Sunday 18 September 2016

Revision(ism) Notes #1: Saint Patrick

Saint Patrick, as we all know, is the patron saint of shamrocks, leprechauns, binge-drinking and the colour green; today, being the traditional day of his celebration, I shall be engaging in my favorite pastime: Ruining Other People's Fun.

Specifically, on the sacred cow barbecue today is this constantly-repeated bit of pagan revisionism:


So, let's begin with a quick recap of the generally-known story of St. Patrick: He was born in the 5th century AD in Roman Britain, the son of a local politician and scion of an early Christian family - though not particularly pious himself. At the age of sixteen, he was captured by a group of Irish pirates, who brought him to Ireland where he was enslaved for six years. After six years, he escaped his masters, supposedly on the instruction of a divine voice from above, and returned to Britain. There, he continued to study Christianity, and eventually became ordained as a priest. He then returned to Ireland, where he founded numerous churches and baptized thousands of Irish people, including numerous members of various noble families.
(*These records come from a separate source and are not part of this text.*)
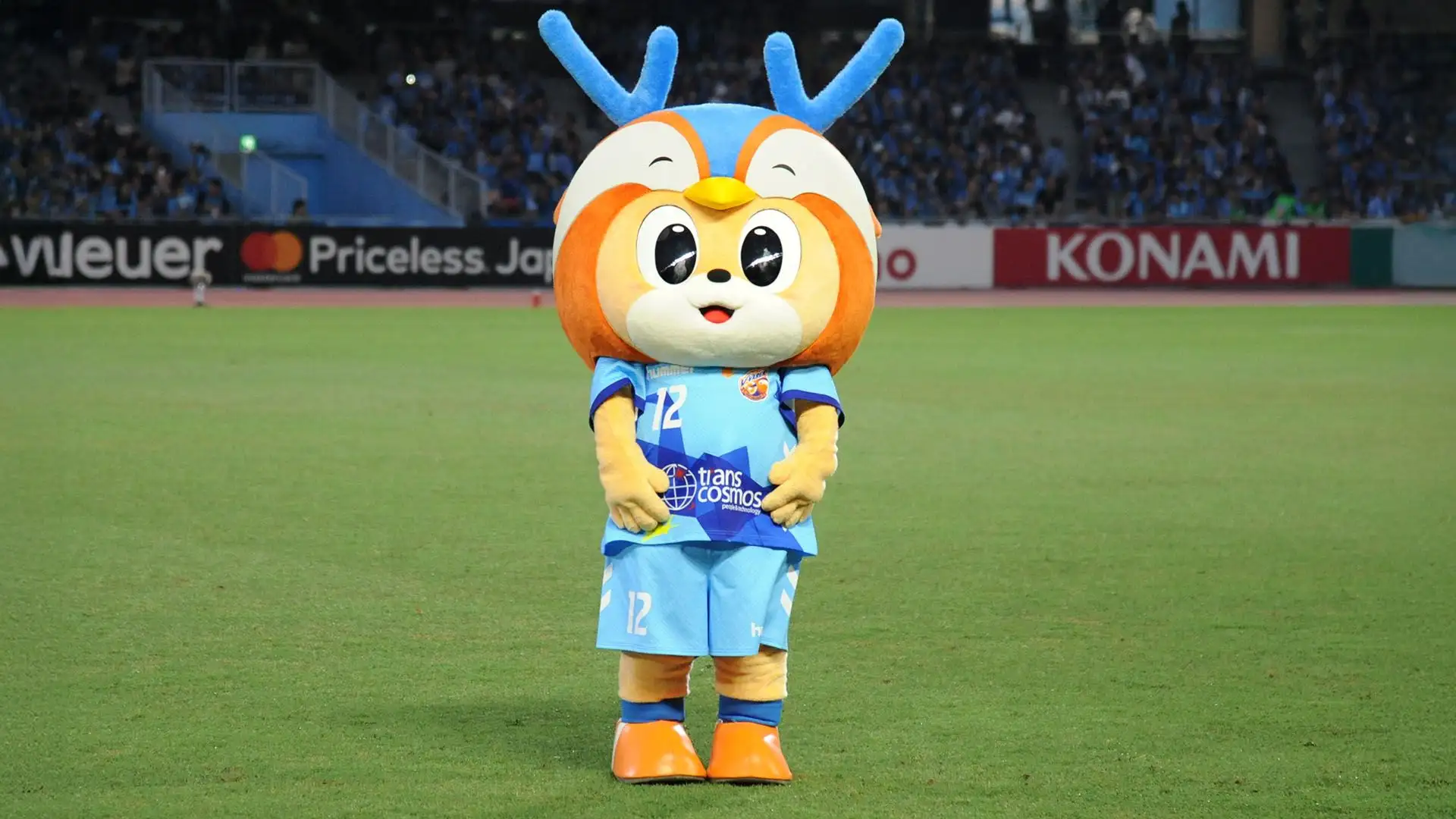Il V-Varen Nagasaki ha come mascotte Vivi-kun, un adorabile uccellino azzurro simbolo di pace e speranza
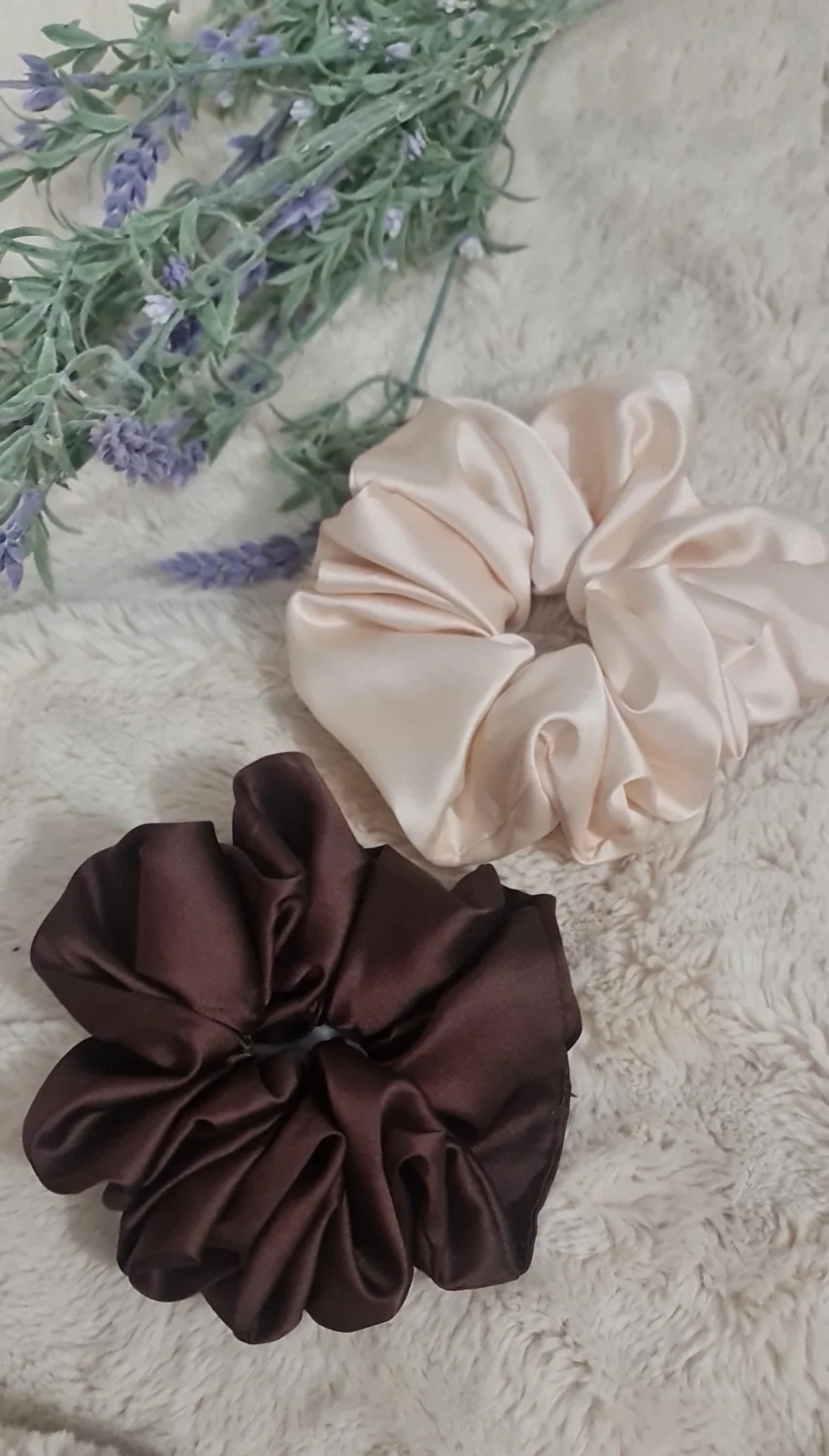 Scrunchie z dodatkiem jedwabiu standard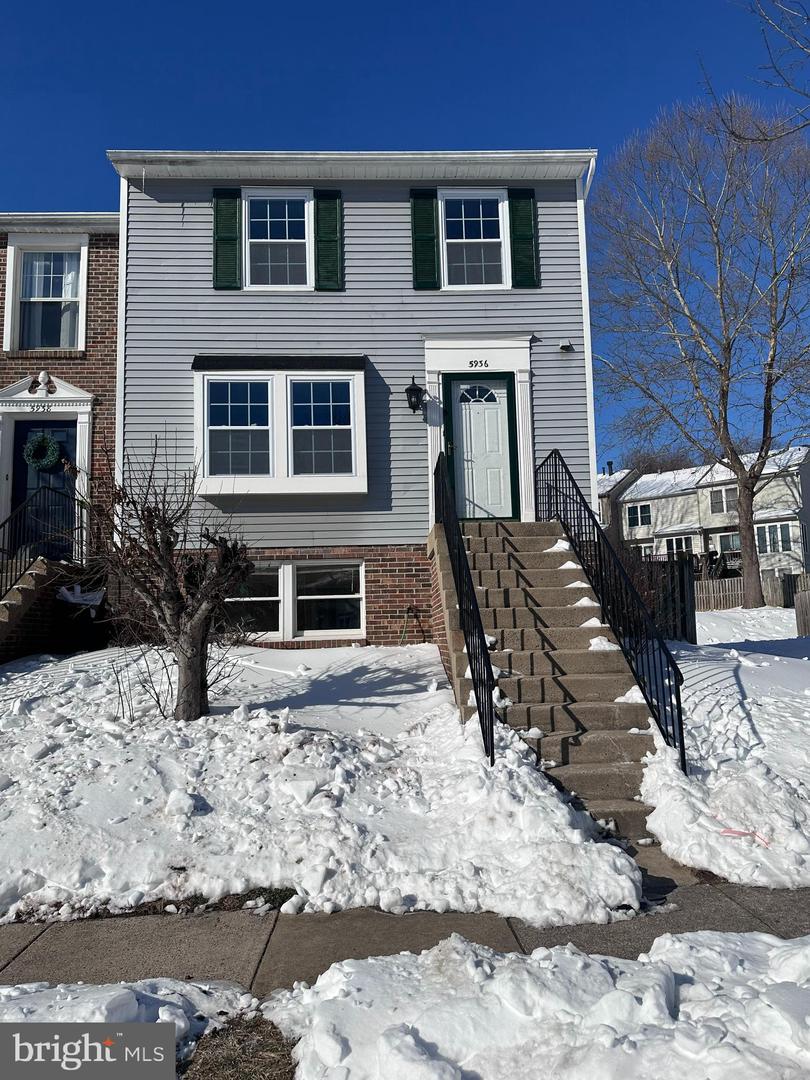 5936 SPRUCE RUN CT, CENTREVILLE, Virginia 20121, 4 Bedrooms Bedrooms, ,3 BathroomsBathrooms,Residential,For sale,5936 SPRUCE RUN CT,VAFX2286990 MLS # VAFX2286990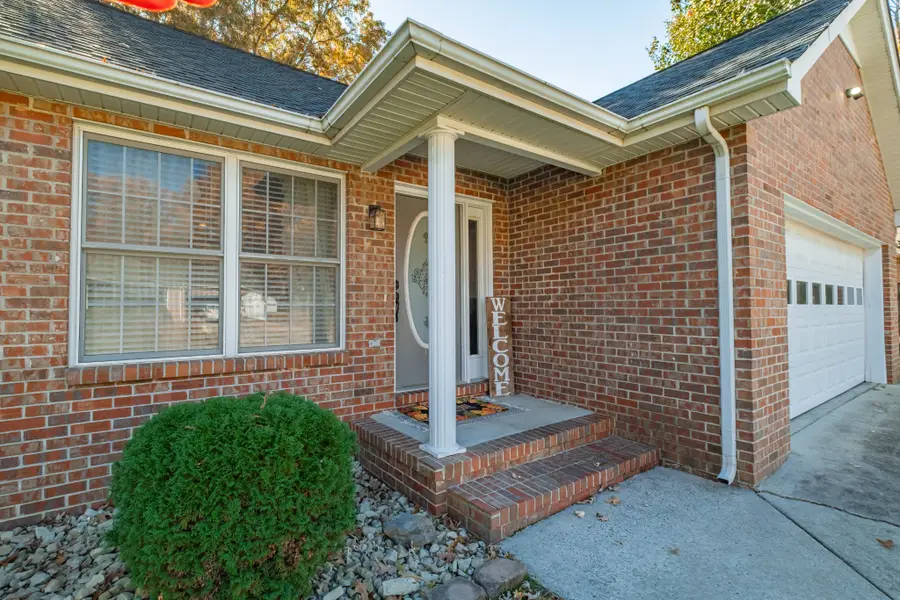 102 Point Dr, Tullahoma, TN 37388 - Image #2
This isn't particularly relevant,
I just like snakes in hats, okay?
There are a number of legends associated with Patrick - the two most frequently repeated ones are his use of the shamrock as an illustrative metaphor for the Holy Trinity, and that he banished all snakes from Ireland. It is this latter legend which frequently gets brought up in arguments over the so-called "pagan genocide" of the period.

Let's make it clear - the account of Patrick chasing snakes into the sea should not be interpreted literally - though it may well have been at various times. Indeed, the general consensus is that Ireland never had any snakes in the first place, due to being geographically isolated since the last Ice Age, when it was too cold for snakes in any case. 

Assuming a symbolic interpretation of the snakes thus seems like a reasonable assumption. Snakes, after all, have a long and convoluted symbolic history; in the context of Christianity, they are most frequently interpreted as symbols of sin, temptation, and all kinds of malevolence. The standard interpretation is, therefore, that Patrick's driving of the snakes from Ireland symbolically represents the overthrow of the pre-Christian paganism that existed before his coming. This particular interpretation has in recent years developed a great deal of traction within various pagan communities - it taps into a sense of persecution and heroic resistance to colonial aggression which elevates the struggles of a community towards acceptance to the level of myth. Which would, given the embarrassingly white nature of most modern pagan groups, be perhaps a little bit problematic if the original injustice didn't happen.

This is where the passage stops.